I really wanted full utf-8 support, because a lot of my files aren't in english (I'm greek), and having suffered through the handling of utf-8 and window's strings, I feel commited to it now😂
I suggested ascii and bitmap fonts because it's easy to start with. If you want be able to display any codepoint, you can look at stb_truetype or FreeType to render the any codepoint glyph. I don't know what you were referring to exactly but Windows uses utf-16 to encode strings. But it's probably better to use utf-8 in your applications.
mrmixer
I suggested ascii and bitmap fonts because it's easy to start with. If you want be able to display any codepoint, you can look at stb_truetype or FreeType to render the any codepoint glyph.

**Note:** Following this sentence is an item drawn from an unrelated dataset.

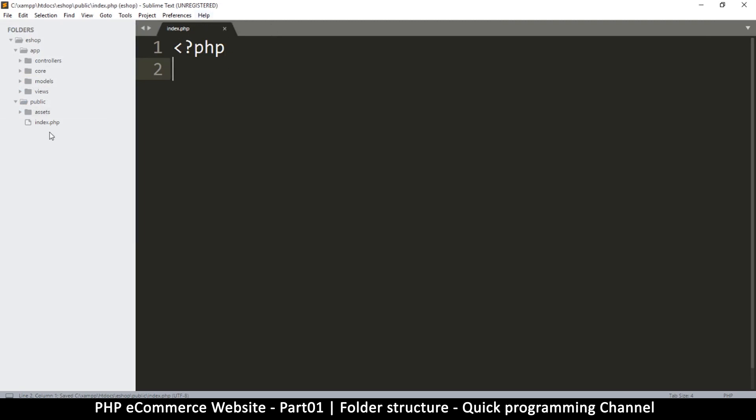This is the MVC file structure we have done right here. We're going to end here for this video, and we'll continue in the next video where we add some files inside these folders. See you then.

Now that I think about it, maybe using stb truetype, and legacy opengl or something similar, would have been better, especially regarding the hassle I had to get through to render Unicode on the console. But my initial thought was: "I wanna render lines of unicode text, and highlight them whenever the mouse is over them (or whatever). Since I know I'm gonna re-write it eventually, especially if I plan to treat it as a serious application, why not use a system that's already in place (and works, more or less), to figure out how it should behave first?

Admittedly, it did kind of come back to bite me in the ass a few times, mainly due to the weird design of the console API and some of its caveats. But I get what you mean, and in retrospect, it's a much better path to follow, now that you pointed it out for me.

mrmixer
I don't know what you were referring to exactly but Windows uses utf-16 to encode strings. But it's probably better to use utf-8 in your applications.


Yeah Windows uses UTF-16, but I had to use UFT-8 for anything other than English so that the console outputs correctly (I couldn't really get it to work with Unicode on wide strings).